• _DATA SUPPLIED_:
=======
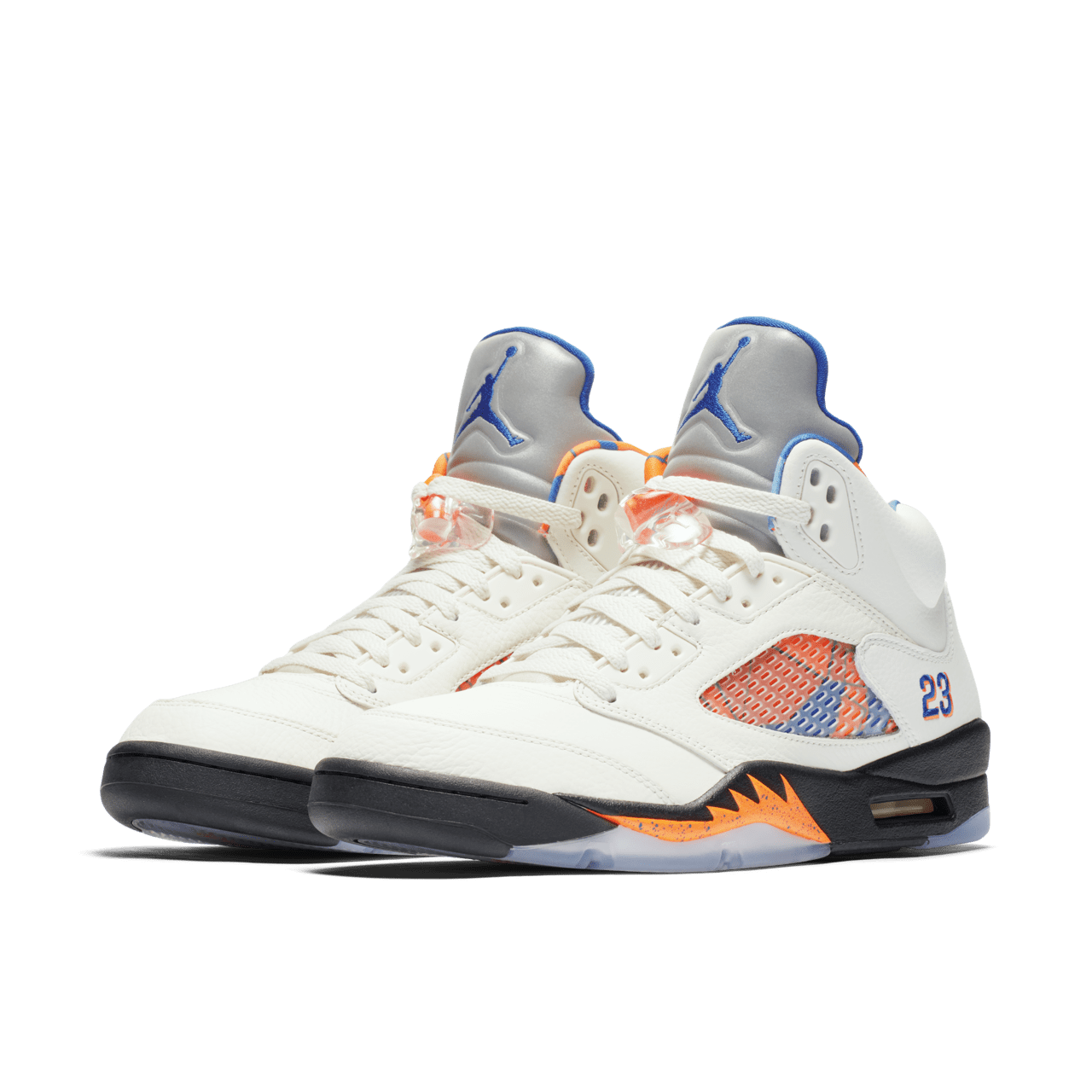 Air Jordan 5 Retro 'Sail & Racer Blue' Release Date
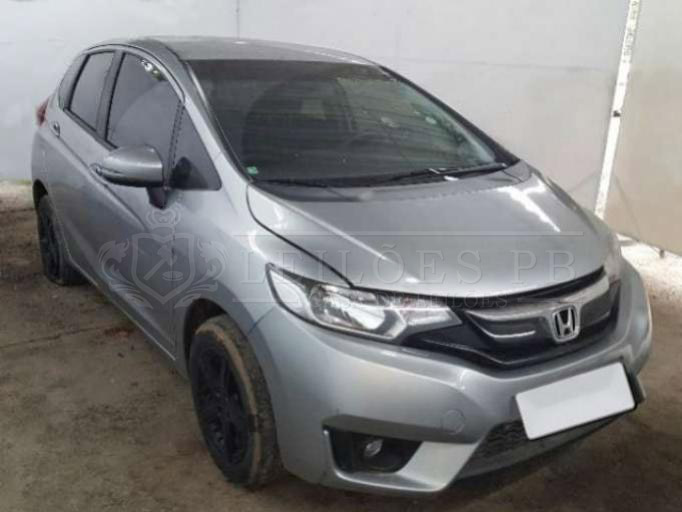 LOTE 022 - HONDA FIT 1.5 EX 16V FLEX 16-17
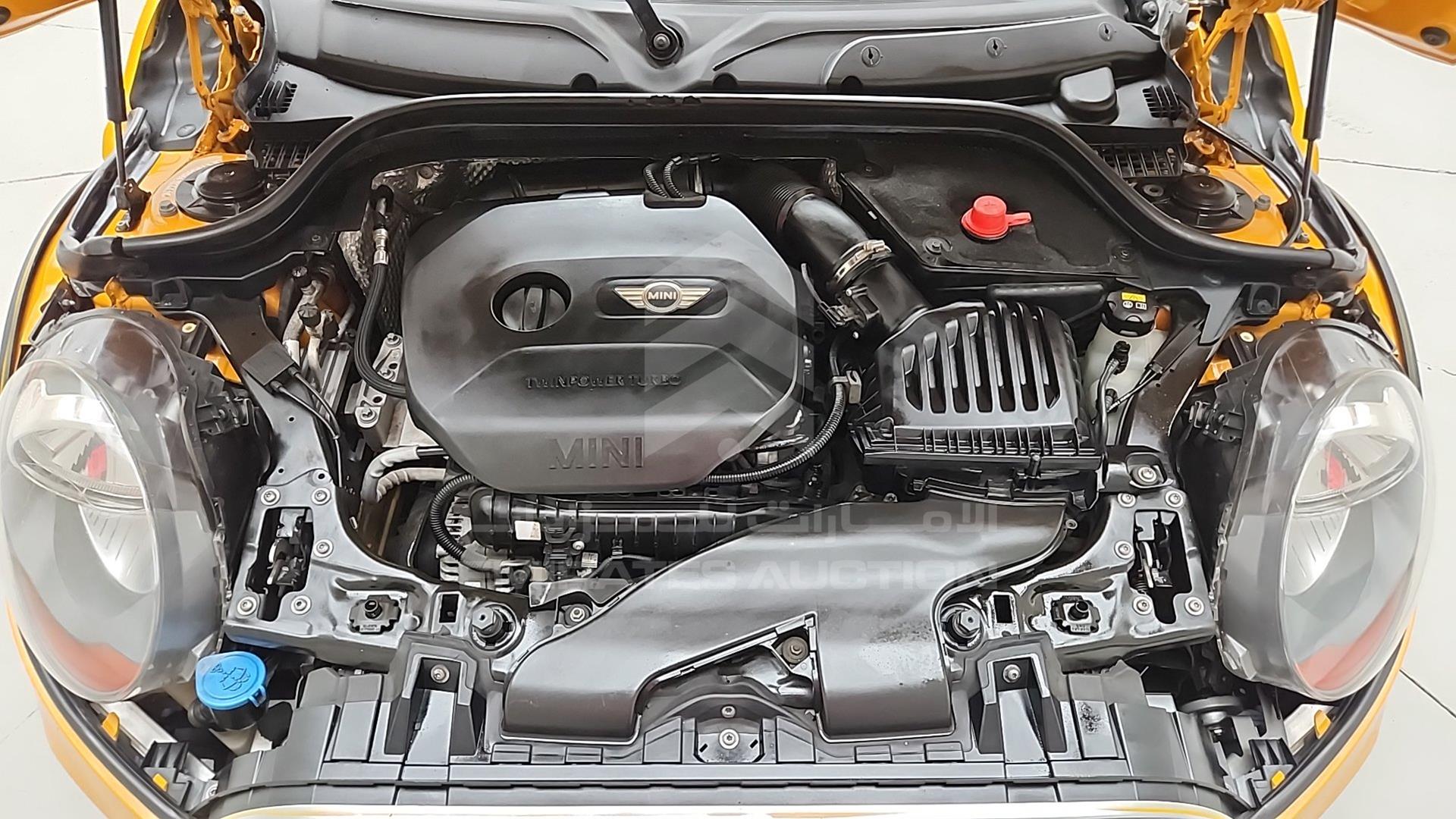 2016 MINI COOPER VIN: WMWXM5109G2A68567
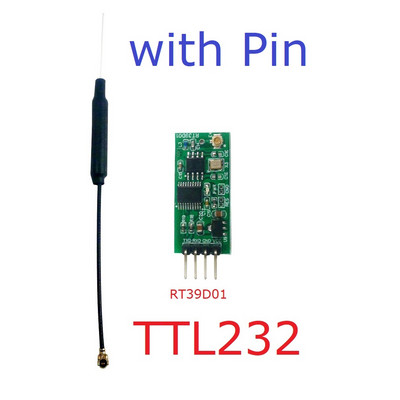 2.4G többfunkciós interfész vezeték nélküli adó-vevő TTL RS232 RS485 TYPE-C USB Arduino NodeMCU ESP8266 ESP32 Modbus RTU-hoz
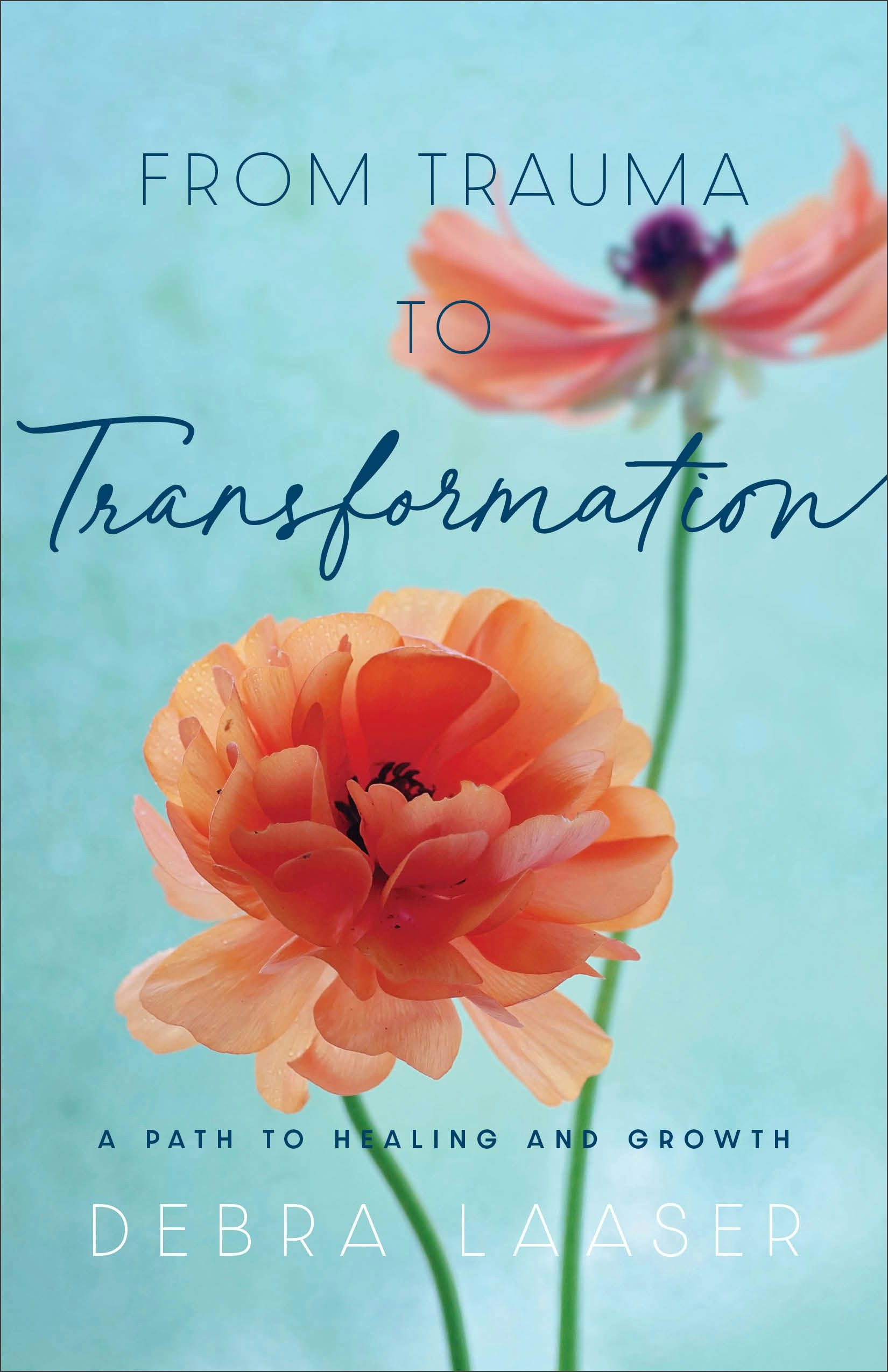 Cover image for From Trauma to Transformation, isbn: 9780800738037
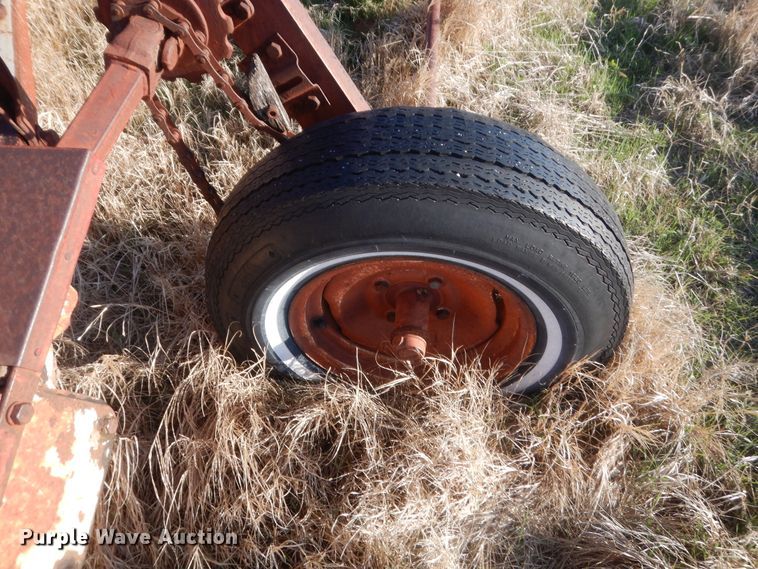 image for item HG9534 International hay rake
=======
• _TO DO_: The data above must be reproduced exactly, without any of its pictures.

• _EXERCISE ANSWER_:
 Air Jordan 5 Retro 'Sail & Racer Blue' Release Date
 LOTE 022 - HONDA FIT 1.5 EX 16V FLEX 16-17
 2016 MINI COOPER VIN: WMWXM5109G2A68567
 2.4G többfunkciós interfész vezeték nélküli adó-vevő TTL RS232 RS485 TYPE-C USB Arduino NodeMCU ESP8266 ESP32 Modbus RTU-hoz
 Cover image for From Trauma to Transformation, isbn: 9780800738037
 image for item HG9534 International hay rake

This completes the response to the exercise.